# Court Rules Weber River Is Navigable



## HopperLover (Jul 7, 2008)

This just in...

http://myemail.constantcontact.com/...uling.html?soid=1104773210955&aid=WOgfNd-lYOo

And for you legal folks...

http://utahstreamaccess.org/usac-wp...campaign=20150410+usac+blast&utm_medium=email


----------



## lunkerhunter2 (Nov 3, 2007)

That is the best news I've got all morning thanks for posting!


----------



## Springville Shooter (Oct 15, 2010)

Awesome!


----------



## Catherder (Aug 2, 2008)

Sweet!


----------



## martymcfly73 (Sep 17, 2007)

Awesome!!!!


----------



## Lonetree (Dec 4, 2010)

This is promising for the future case regarding the constitutionality of the legislatures 2010 law that revoked the right of access on ALL stream beds running through private property in Utah. I am glad that "compromise" legislation was shot down.

This has legal implications with regard to the land "swap" as well. Especially with regard to the role of precedent and public trust. 

This is very very good news!


----------



## wyogoob (Sep 7, 2007)

Hmmm, very interesting. http://myemail.constantcontact.com/...uling.html?soid=1104773210955&aid=WOgfNd-lYOo

The same "navigable" language could be applicable for the Bear River, the Black's Fork, and even the Henry's Fork all on the north slope of the Uintas where, collectively, huge volumes of logs were floated down the streams to sawmills to be made into railroad ties.

.


----------



## wyogoob (Sep 7, 2007)

wyogoob said:


> Hmmm, very interesting. http://myemail.constantcontact.com/...uling.html?soid=1104773210955&aid=WOgfNd-lYOo
> 
> The same "navigable" language could be applicable for the Bear River, the Black's Fork, and even the Henry's Fork all on the north slope of the Uintas where, collectively, huge volumes of logs were floated down the streams to sawmills to be made into railroad ties.
> 
> .


Duh, all that stuff is in the court ruling document. http://utahstreamaccess.org/usac-wp/...m_medium=email

thanks for posting the story HopperLover.

.


----------



## Jedidiah (Oct 10, 2014)

Huh, wonder why the "Get off my lawn!" crowd haven't chimed in. Come on guys, explain to us that your share of the water comes off the top so people should have to drive 30 miles around your single acre when they want to fish the other side.


----------



## wyogoob (Sep 7, 2007)

Jedidiah said:


> Huh, wonder why the "Get off my lawn!" crowd haven't chimed in. Come on guys, explain to us that your share of the water comes off the top so people should have to drive 30 miles around your single acre when they want to fish the other side.


Slow crowd today, I'm thinking most of the Utah water rights guys are in Wyoming where you have to drive 40 miles around my single acre of private land to fish the other side....and without any complaint, by the way.

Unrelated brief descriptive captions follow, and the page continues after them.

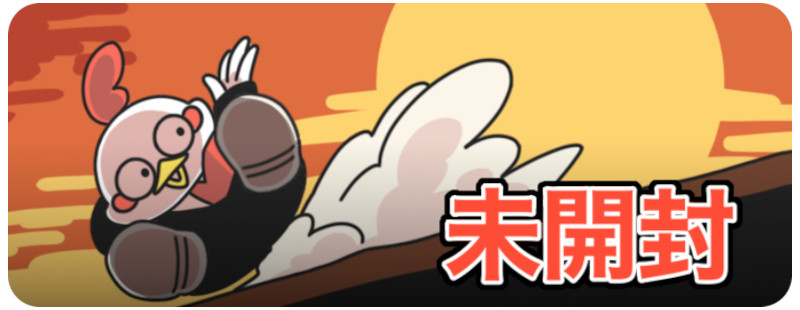 ナッシー 海外版 英語版 リバホロ Exeggutor - 103/165 -【Card Chicken】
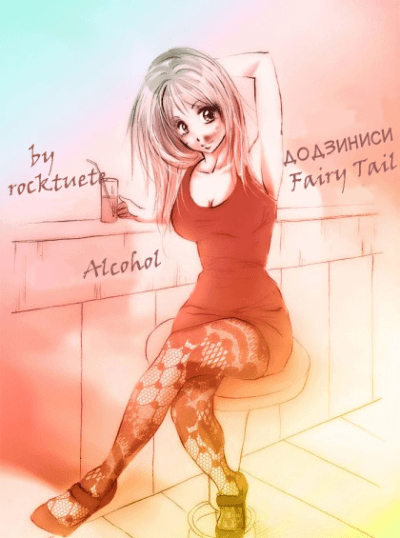 Алкоголь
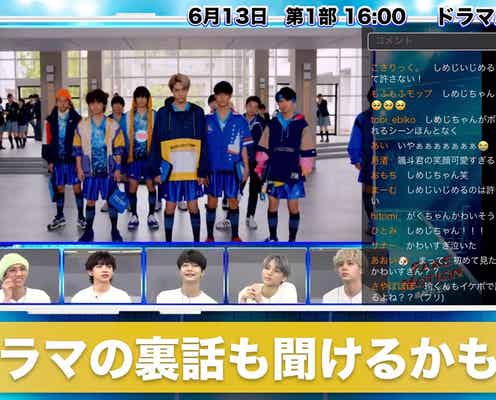 佐野勇斗・古川毅ら「FAKE MOTION」ファンミーティング一部公開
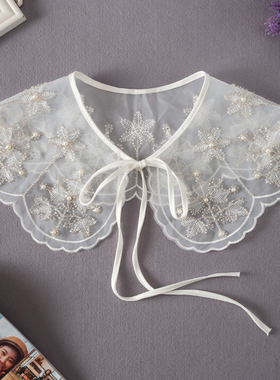 AP-303装饰披肩假领百搭假衣领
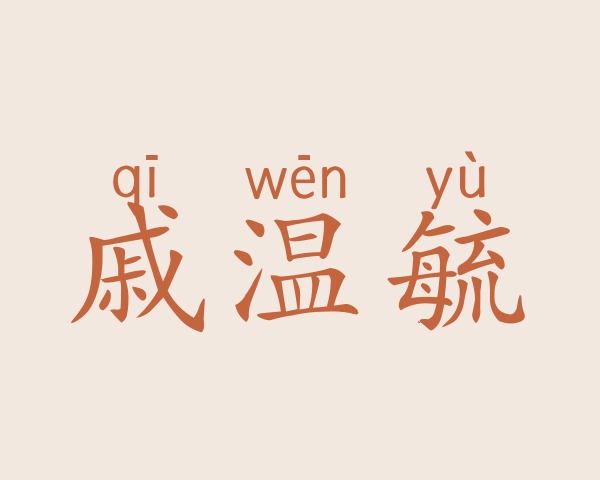 戚温毓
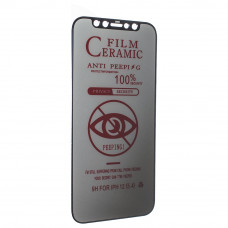 Защитная пленка Ceramics Film Privacy для Apple iPhone 12 mini 5,4", черный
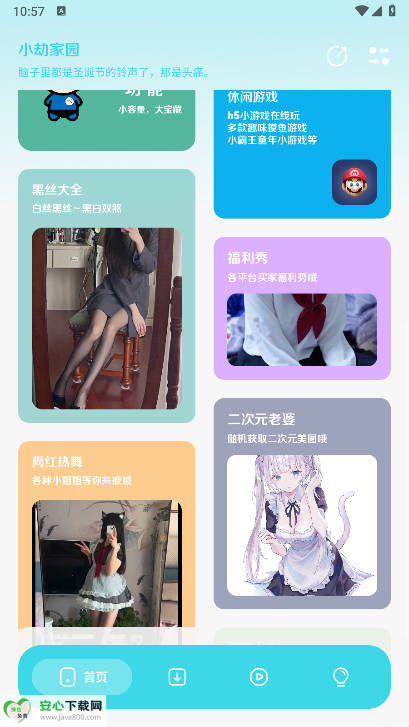 小劫家园最新版本v1.6(3)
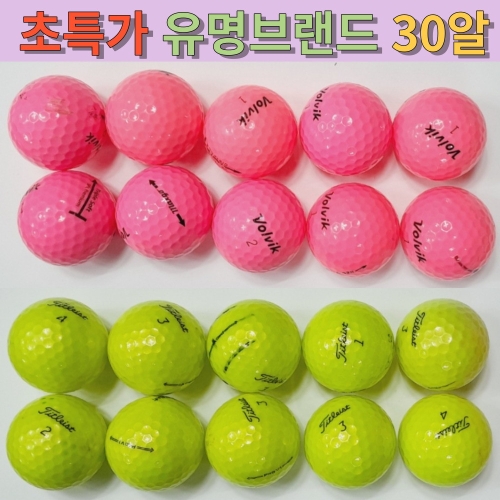 타이틀리스트  30알 칼라 빨간색 노란색 핑크 유광 형광 무광 추천 a b c 급 연습장용 골프 로스트 볼 공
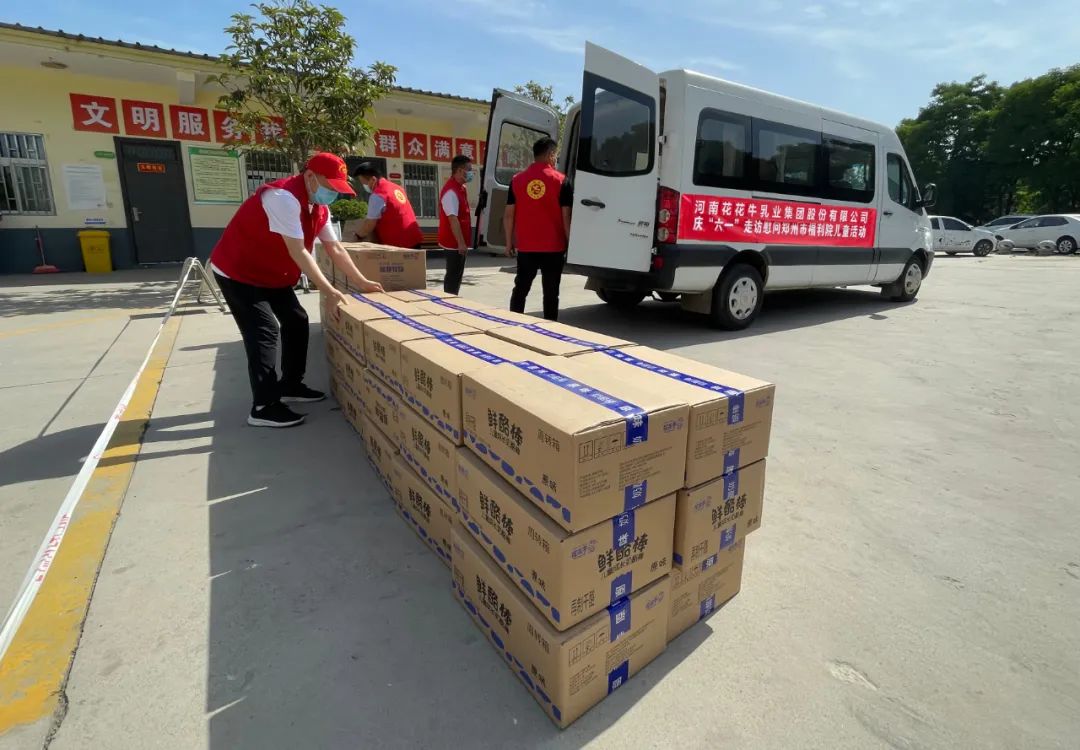 快訊 | 關(guān)愛兒童 · 花花牛獻愛心送營養(yǎng)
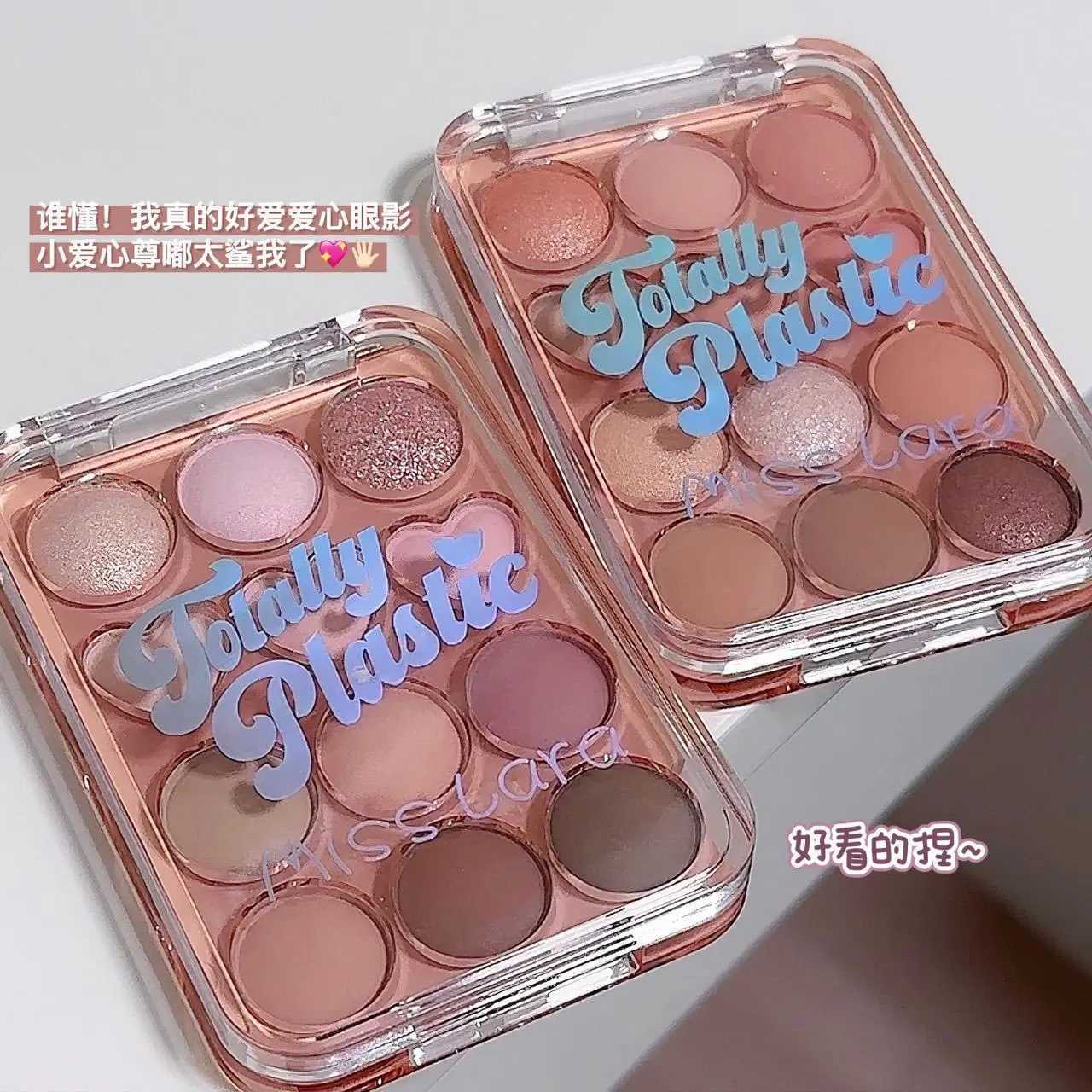 12 Colors Shimmer Matte Eyeshadow Palette Makeup zxx240720
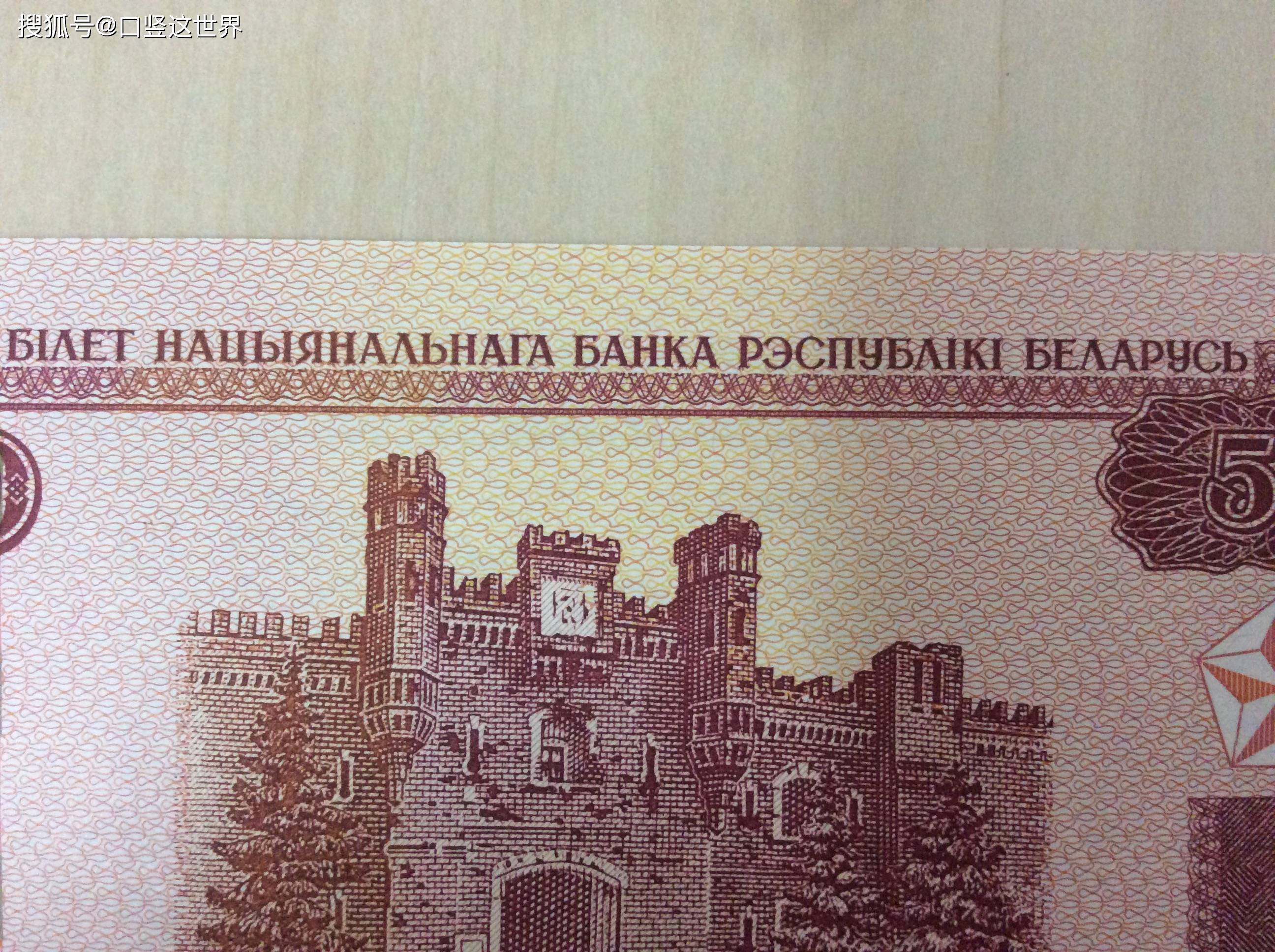 原创白俄罗斯的货币50卢布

As a "Get off my lawn!" guy from Wyoming and a *Moderator* I've learned to "chime in" later on the Utah water rights issue....waiting, inevitability, until a handful of water rights guys break Forum rules and make asses out of themselves ruining it for those, on both sides, offering intelligent dialog.

.


----------



## ridgetop (Sep 13, 2007)

Jedidiah said:


> Huh, wonder why the "Get off my lawn!" crowd haven't chimed in. Come on guys, explain to us that your share of the water comes off the top so people should have to drive 30 miles around your single acre when they want to fish the other side.


It's amazing to me to see the "entitlement" that so many guys have on this issue.
Even a smart guy like Lonetree should have seen how poorly written that first bill/law was, in which it eventually got overturned.
I sure do hope this one does hold up and all the "entitled" idiots will stay off and out of peoples private property when trying to gain access to these waters.


----------



## Kwalk3 (Jun 21, 2012)

ridgetop said:


> It's amazing to me to see the "entitlement" that so many guys have on this issue.
> Even a smart guy like Lonetree should have seen how poorly written that first bill/law was, in which it eventually got overturned.
> I sure do hope this one does hold up and all the "entitled" idiots will stay off and out of peoples private property when trying to gain access to these waters.


I am a proponent of property rights. Private property rights should absolutely be respected. As should the rights of the public to access a resource that belongs to the public. I may be misreading you, but I don't believe that anglers believing they should be allowed access to a public waterway(below high water mark) constitutes an error in a sense of entitlement.


----------



## Jedidiah (Oct 10, 2014)

ridgetop said:


> It's amazing to me to see the "entitlement" that so many guys have on this issue.
> Even a smart guy like Lonetree should have seen how poorly written that first bill/law was, in which it eventually got overturned.
> I sure do hope this one does hold up and all the "entitled" idiots will stay off and out of peoples private property when trying to gain access to these waters.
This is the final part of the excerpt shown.